[Problem details]: The lines needed run from the one that contains "Trendy Doodle Afstudeerfeest" through the end of the material below, both included; write them out exactly, with no pictures.

[Supplied information]:

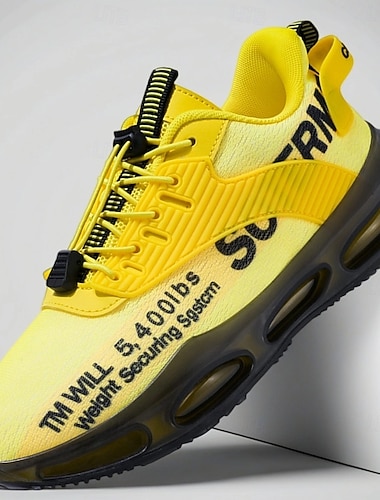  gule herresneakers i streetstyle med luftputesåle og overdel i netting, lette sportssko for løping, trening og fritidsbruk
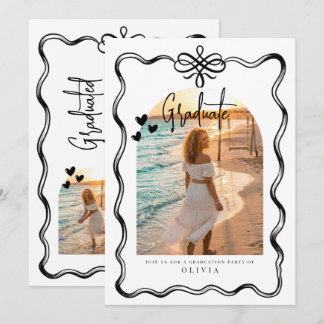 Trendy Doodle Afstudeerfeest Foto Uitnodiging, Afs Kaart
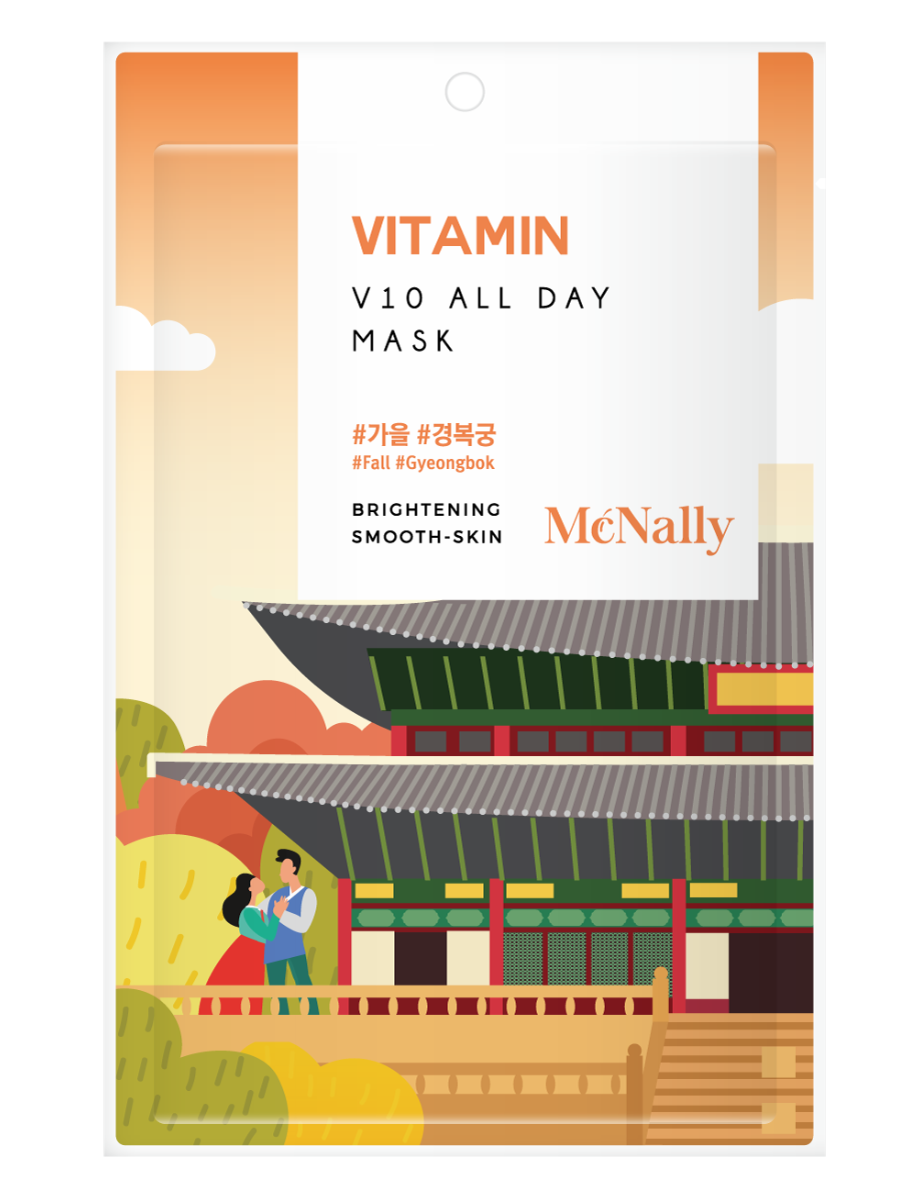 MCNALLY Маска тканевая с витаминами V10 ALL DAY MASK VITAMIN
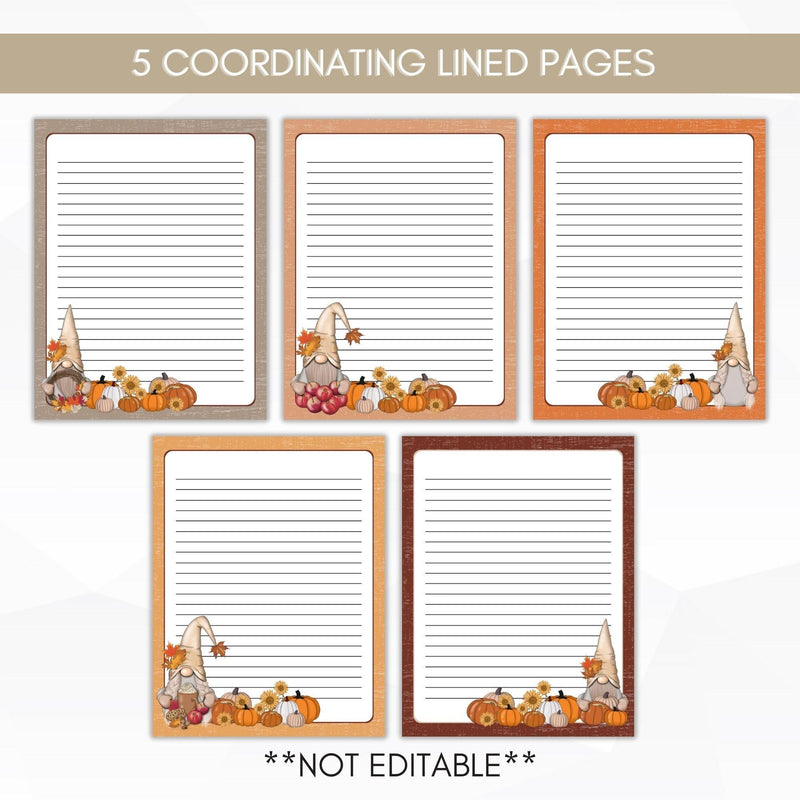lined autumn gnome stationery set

[Answer to the exercise]:
 Trendy Doodle Afstudeerfeest Foto Uitnodiging, Afs Kaart
 MCNALLY Маска тканевая с витаминами V10 ALL DAY MASK VITAMIN
lined autumn gnome stationery set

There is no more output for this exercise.